The classification of the railways in North America is based on their turnover and serves as the basis for the preparation of statistics, reports, accounting obligations, legal and labor regulations.

The largest freight railways in the USA and Canada are designated as Class 1 . Smaller railways were designated as Class 2 or Class 3 . Today the Association of American Railroads uses the classification into regional railroads and local railroads .

history

The first classification of railway companies in different categories took place with the establishment of the Interstate Commerce Commission (ICC) in 1887. For the preparation of their annual report the railway companies were in the categories Class 1 (more than 1000 miles route network), Class 2 (600 to 1000 miles route network ), Class 3 (400 to 600 miles network), Class 4 (250 to 400 miles network) and Class 5 (less than 250 miles network). This division was used until 1910. As a result of the Hepburn Act and the associated expansion of the ICC's tasks, a new classification was introduced from 1911. Class 1 companies included companies with sales in excess of $ 1 million, Class 2 companies had sales between $ 100,000 and $ 1,000,000, and Class 3 companies had sales less than $ 100,000. Pure shunting companies were not included in this classification.

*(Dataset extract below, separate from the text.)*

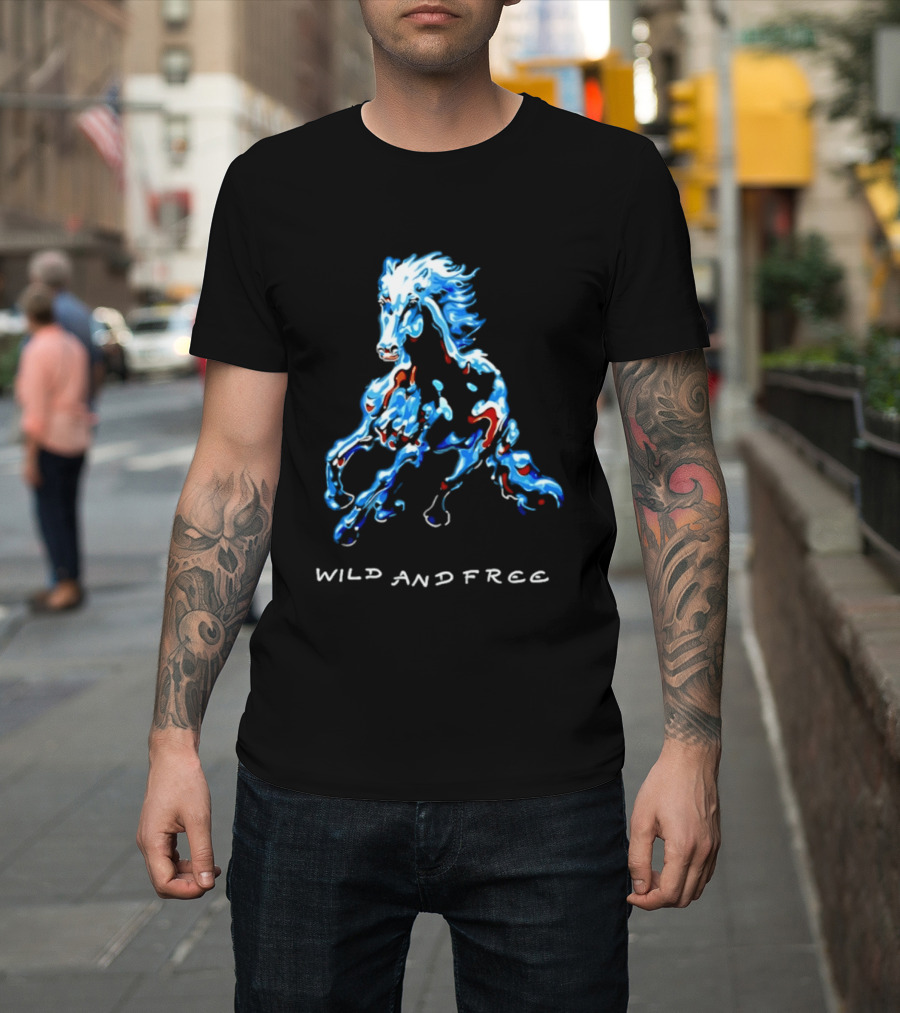 Wild Horse Wild And Free Blue Red Watercolor T-Shirt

In 1956, the limit for a Class 1 company was raised to $ 3 million. At the same time, the Class 2 and Class 3 companies were combined into a Class 2. From this point on, the shunting companies were no longer included in the annual statistics and reports.

From 1976, a Class 1 railroad company had to have at least 10 million in sales. Another change took place in 1978. The limit for Class 1 has been raised to $ 50 million. At the same time, Class 2 ($ 10–50 million) and Class 3 (less than $ 10 million) were reintroduced. From 1982 the limits were adjusted according to the annual inflation. However, as early as 1979, the reporting requirements for class 2 and class 3 companies were waived. Thus, these limits have no practical effect.

Another change took place in 1992; now sales for a class 1 company have been set at $ 250 million and for class 2 companies at $ 20 million. Since then, there has been an annual adjustment in line with changes in transport prices in the rail sector ( Railroad Freight Rate Index ).

Since the classification into Class 2 and Class 3 no longer has any effect, the Association of American Railroads introduced three categories for classification in 1986.

  • Regional railroads - more than 350 miles of route network and more than 40 million US dollars in revenue.
  • Local railroads (formerly shortline railroads ) - local railways, but with scheduled route service.
  • Switching and terminal railroads - railways that do not carry out point-to-point transports ( regular services ), but rather establish the connection between end customers and the other railway companies.

In Canada, as of 2004, Class 1 companies must have gross revenues of C $ 250 million each for the last two fiscal years.

year Sales limit in dollars Number of companies
1939 1,000,000 132
1956 3,000,000 113
1963 3,000,000 102
1965 5,000,000
1976 10,000,000
1978 50,000,000 41
1986 88,600,000 16
1989 93,500,000 13
1992 250,000,000
1995 11
1996 255,900,000 9
2000 256,400,000 8th
2001 261,900,000 8th
2002 266,700,000 7th
year Sales limit in dollars Number of companies
2003 272,000,000 7th
2004 277,700,000 7th
2005 289,400,000 7th
2006 319,300,000 7th
2007 346,800,000 7th
2008 359,600,000 7th
2009 401,400,000 7th
2010 378,800,000 7th
2011 398,700,000 7th
2012 433,200,000 7th
2013 467,000,000 7th
2015 457.913.998 7th
2017 447.621.226 7th
2018

Effect of classification

The setting of this limit is a political decision, because due to the different classification, different regulations and reporting requirements also apply to the companies. In 1991, for example, Montana Rail Link and Wisconsin Central asked to raise the limit to $ 93.5 million so that these companies could save additional costs. In late 1992, the limit was raised to $ 250 million, which resulted in the Florida East Coast Railway becoming just a Class 2 company.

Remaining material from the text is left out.